Short descriptive text snippets:
- - -
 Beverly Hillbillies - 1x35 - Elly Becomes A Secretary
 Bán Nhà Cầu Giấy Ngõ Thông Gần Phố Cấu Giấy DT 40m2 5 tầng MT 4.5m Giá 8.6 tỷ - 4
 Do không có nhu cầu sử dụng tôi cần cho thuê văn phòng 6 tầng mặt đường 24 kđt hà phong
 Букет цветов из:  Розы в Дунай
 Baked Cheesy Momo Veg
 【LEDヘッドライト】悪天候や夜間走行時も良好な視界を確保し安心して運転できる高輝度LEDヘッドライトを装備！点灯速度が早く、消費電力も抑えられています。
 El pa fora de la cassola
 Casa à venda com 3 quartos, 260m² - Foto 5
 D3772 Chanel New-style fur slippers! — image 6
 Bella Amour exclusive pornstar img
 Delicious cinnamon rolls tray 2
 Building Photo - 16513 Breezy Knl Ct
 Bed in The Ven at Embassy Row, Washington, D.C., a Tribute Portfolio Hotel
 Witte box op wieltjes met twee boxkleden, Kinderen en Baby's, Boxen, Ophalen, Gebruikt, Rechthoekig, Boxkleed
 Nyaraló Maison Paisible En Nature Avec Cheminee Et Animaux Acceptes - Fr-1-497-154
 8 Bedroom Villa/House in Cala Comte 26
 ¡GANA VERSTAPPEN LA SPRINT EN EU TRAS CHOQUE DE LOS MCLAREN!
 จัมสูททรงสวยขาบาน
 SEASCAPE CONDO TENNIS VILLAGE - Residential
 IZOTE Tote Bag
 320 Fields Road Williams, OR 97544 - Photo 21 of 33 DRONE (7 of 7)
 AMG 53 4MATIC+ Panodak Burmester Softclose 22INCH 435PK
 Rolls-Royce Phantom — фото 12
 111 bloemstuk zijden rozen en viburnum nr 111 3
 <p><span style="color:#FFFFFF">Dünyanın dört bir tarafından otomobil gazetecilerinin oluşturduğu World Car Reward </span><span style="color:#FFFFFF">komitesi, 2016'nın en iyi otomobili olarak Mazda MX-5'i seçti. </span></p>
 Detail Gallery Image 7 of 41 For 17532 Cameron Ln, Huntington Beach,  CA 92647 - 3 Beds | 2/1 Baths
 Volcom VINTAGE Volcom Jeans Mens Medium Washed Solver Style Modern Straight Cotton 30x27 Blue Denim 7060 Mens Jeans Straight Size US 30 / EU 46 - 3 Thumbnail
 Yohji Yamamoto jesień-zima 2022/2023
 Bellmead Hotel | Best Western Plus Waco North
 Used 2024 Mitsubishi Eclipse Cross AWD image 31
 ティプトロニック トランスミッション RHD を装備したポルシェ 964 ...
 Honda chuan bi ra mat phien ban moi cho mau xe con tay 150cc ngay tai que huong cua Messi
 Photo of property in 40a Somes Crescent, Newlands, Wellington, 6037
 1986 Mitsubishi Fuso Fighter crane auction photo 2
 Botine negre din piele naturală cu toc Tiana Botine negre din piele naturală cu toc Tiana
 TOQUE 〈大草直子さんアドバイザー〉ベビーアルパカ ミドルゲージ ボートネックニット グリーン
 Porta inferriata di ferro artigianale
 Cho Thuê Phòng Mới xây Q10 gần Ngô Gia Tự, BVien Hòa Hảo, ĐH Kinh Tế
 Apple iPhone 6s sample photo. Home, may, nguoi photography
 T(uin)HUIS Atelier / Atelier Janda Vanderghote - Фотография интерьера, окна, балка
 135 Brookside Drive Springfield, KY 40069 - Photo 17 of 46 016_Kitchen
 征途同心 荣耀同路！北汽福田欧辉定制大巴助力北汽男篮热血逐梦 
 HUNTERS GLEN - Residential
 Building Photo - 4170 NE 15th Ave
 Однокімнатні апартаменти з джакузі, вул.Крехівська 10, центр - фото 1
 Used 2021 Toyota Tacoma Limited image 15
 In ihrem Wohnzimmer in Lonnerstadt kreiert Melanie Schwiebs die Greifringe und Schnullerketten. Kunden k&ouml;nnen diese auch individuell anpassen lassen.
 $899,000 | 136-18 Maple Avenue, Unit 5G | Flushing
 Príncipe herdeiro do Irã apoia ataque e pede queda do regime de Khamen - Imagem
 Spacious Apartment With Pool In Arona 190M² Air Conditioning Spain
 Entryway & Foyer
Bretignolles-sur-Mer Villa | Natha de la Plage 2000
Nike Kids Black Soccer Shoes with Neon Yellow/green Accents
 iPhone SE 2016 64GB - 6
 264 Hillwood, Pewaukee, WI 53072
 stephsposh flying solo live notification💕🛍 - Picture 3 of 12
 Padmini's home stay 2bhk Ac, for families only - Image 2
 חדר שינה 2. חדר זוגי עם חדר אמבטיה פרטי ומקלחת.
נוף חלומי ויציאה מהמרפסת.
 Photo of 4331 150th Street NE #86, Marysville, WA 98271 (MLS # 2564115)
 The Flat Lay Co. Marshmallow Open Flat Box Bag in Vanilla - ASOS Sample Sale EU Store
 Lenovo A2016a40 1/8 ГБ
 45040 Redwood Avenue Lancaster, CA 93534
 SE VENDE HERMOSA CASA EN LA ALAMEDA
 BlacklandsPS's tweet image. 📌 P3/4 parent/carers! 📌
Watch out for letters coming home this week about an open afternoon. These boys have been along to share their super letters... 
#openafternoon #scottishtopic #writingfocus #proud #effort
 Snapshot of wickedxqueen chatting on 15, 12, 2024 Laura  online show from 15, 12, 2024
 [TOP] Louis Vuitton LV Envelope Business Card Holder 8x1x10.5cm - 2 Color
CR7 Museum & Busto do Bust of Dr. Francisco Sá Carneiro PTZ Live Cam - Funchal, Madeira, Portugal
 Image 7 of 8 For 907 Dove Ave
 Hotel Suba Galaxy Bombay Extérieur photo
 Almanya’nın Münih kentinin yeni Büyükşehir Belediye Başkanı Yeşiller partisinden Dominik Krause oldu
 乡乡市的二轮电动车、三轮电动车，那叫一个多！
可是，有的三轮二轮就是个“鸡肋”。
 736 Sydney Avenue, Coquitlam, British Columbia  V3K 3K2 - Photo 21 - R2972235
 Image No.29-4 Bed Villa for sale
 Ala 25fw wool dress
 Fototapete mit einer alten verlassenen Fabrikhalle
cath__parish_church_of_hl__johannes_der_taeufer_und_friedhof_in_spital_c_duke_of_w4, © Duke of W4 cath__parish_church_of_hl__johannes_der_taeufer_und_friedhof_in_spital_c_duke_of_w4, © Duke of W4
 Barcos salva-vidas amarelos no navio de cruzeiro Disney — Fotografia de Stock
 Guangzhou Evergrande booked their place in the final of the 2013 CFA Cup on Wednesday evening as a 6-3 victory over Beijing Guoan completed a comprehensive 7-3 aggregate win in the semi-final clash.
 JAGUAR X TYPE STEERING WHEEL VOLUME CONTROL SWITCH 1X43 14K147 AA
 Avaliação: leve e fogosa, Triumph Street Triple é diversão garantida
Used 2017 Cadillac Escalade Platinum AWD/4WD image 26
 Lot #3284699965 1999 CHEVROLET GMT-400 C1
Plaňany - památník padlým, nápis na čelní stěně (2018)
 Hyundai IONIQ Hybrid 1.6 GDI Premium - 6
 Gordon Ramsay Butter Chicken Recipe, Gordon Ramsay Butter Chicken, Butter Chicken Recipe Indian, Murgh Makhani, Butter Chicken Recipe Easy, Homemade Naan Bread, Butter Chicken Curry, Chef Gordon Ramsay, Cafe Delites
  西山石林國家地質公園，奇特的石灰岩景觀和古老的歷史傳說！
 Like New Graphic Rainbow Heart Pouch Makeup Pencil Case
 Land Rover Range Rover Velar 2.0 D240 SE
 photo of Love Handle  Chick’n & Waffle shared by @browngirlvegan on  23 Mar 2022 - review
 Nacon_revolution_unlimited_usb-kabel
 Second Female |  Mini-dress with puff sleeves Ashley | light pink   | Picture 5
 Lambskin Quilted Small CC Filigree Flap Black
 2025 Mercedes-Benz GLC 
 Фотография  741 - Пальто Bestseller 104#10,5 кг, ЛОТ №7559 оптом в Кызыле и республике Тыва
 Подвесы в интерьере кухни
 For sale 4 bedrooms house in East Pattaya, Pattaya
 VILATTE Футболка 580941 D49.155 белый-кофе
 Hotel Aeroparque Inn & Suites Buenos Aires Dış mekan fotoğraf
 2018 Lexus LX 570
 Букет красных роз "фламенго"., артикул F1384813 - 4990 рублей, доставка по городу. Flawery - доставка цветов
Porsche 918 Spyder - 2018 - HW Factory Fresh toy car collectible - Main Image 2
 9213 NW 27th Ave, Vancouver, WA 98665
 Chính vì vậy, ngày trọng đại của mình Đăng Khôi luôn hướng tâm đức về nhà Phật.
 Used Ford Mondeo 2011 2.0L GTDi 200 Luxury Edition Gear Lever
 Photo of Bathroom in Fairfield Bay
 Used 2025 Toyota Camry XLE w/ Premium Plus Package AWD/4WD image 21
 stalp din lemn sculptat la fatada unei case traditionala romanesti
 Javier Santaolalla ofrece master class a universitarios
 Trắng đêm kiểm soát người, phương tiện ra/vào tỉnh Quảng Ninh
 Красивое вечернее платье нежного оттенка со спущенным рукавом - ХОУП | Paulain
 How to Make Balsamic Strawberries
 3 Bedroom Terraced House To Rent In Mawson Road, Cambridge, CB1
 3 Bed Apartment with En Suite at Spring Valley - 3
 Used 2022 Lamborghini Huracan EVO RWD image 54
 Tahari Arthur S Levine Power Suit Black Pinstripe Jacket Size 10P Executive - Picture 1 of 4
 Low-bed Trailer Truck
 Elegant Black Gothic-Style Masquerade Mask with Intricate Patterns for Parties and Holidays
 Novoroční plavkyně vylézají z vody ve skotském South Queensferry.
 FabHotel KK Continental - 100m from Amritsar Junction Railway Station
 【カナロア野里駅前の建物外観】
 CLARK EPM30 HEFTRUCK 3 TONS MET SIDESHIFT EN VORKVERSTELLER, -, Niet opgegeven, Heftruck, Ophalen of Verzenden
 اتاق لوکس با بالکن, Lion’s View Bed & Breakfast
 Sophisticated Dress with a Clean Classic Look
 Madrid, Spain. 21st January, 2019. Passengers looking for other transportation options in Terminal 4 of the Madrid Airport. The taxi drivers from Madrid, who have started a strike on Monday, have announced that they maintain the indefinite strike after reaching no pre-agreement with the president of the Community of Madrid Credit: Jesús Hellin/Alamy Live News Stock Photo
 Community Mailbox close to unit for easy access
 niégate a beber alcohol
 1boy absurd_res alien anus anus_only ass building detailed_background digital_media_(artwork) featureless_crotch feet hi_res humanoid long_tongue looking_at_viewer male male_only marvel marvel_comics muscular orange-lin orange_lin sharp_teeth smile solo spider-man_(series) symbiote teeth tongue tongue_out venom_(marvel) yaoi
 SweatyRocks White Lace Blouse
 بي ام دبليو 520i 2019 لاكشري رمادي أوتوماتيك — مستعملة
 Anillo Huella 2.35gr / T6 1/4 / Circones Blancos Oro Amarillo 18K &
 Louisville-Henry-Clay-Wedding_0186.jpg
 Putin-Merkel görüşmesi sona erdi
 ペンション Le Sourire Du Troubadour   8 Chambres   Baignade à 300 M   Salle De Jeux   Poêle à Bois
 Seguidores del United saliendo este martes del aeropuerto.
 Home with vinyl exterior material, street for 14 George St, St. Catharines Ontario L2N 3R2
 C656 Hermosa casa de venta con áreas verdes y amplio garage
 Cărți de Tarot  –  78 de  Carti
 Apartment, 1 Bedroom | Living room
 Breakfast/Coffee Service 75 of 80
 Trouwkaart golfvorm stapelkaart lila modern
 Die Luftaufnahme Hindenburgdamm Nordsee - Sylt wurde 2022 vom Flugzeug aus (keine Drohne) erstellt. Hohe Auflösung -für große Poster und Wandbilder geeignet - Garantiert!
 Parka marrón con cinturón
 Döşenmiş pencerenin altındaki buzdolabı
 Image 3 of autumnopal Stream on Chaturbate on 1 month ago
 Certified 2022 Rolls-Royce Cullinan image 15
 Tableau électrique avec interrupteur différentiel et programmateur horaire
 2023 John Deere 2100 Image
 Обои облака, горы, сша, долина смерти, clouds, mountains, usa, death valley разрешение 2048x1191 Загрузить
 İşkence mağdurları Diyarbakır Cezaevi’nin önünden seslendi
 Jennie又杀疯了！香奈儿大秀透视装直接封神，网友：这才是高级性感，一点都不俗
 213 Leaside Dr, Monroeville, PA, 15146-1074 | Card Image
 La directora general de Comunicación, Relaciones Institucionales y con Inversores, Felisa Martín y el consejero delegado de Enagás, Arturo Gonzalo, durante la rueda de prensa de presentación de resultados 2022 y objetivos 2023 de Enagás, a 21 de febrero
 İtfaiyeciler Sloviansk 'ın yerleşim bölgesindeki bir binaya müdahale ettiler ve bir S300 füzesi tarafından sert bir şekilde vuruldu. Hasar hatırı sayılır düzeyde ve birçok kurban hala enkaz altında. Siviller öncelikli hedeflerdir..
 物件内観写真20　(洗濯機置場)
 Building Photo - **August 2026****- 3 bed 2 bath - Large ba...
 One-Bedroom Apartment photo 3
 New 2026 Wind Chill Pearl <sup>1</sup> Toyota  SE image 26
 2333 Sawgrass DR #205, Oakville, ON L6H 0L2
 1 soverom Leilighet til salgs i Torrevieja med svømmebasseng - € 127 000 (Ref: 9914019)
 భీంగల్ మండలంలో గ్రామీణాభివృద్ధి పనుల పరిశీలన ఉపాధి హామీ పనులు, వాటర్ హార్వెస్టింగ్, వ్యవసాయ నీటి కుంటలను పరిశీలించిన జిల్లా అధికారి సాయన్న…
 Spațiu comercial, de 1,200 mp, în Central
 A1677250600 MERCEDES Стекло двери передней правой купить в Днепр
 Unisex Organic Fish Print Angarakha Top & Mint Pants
- - -
▶ [Activity]:
Wherever the line holding "Bed in The Ven" falls in the entries above, copy exactly from it through the line holding "Used 2024 Mitsubishi", inclusive, and add nothing.

▶ [Output for this exercise]:
 Bed in The Ven at Embassy Row, Washington, D.C., a Tribute Portfolio Hotel
 Witte box op wieltjes met twee boxkleden, Kinderen en Baby's, Boxen, Ophalen, Gebruikt, Rechthoekig, Boxkleed
 Nyaraló Maison Paisible En Nature Avec Cheminee Et Animaux Acceptes - Fr-1-497-154
 8 Bedroom Villa/House in Cala Comte 26
 ¡GANA VERSTAPPEN LA SPRINT EN EU TRAS CHOQUE DE LOS MCLAREN!
 จัมสูททรงสวยขาบาน
 SEASCAPE CONDO TENNIS VILLAGE - Residential
 IZOTE Tote Bag
 320 Fields Road Williams, OR 97544 - Photo 21 of 33 DRONE (7 of 7)
 AMG 53 4MATIC+ Panodak Burmester Softclose 22INCH 435PK
 Rolls-Royce Phantom — фото 12
 111 bloemstuk zijden rozen en viburnum nr 111 3
 <p><span style="color:#FFFFFF">Dünyanın dört bir tarafından otomobil gazetecilerinin oluşturduğu World Car Reward </span><span style="color:#FFFFFF">komitesi, 2016'nın en iyi otomobili olarak Mazda MX-5'i seçti. </span></p>
 Detail Gallery Image 7 of 41 For 17532 Cameron Ln, Huntington Beach,  CA 92647 - 3 Beds | 2/1 Baths
 Volcom VINTAGE Volcom Jeans Mens Medium Washed Solver Style Modern Straight Cotton 30x27 Blue Denim 7060 Mens Jeans Straight Size US 30 / EU 46 - 3 Thumbnail
 Yohji Yamamoto jesień-zima 2022/2023
 Bellmead Hotel | Best Western Plus Waco North
 Used 2024 Mitsubishi Eclipse Cross AWD image 31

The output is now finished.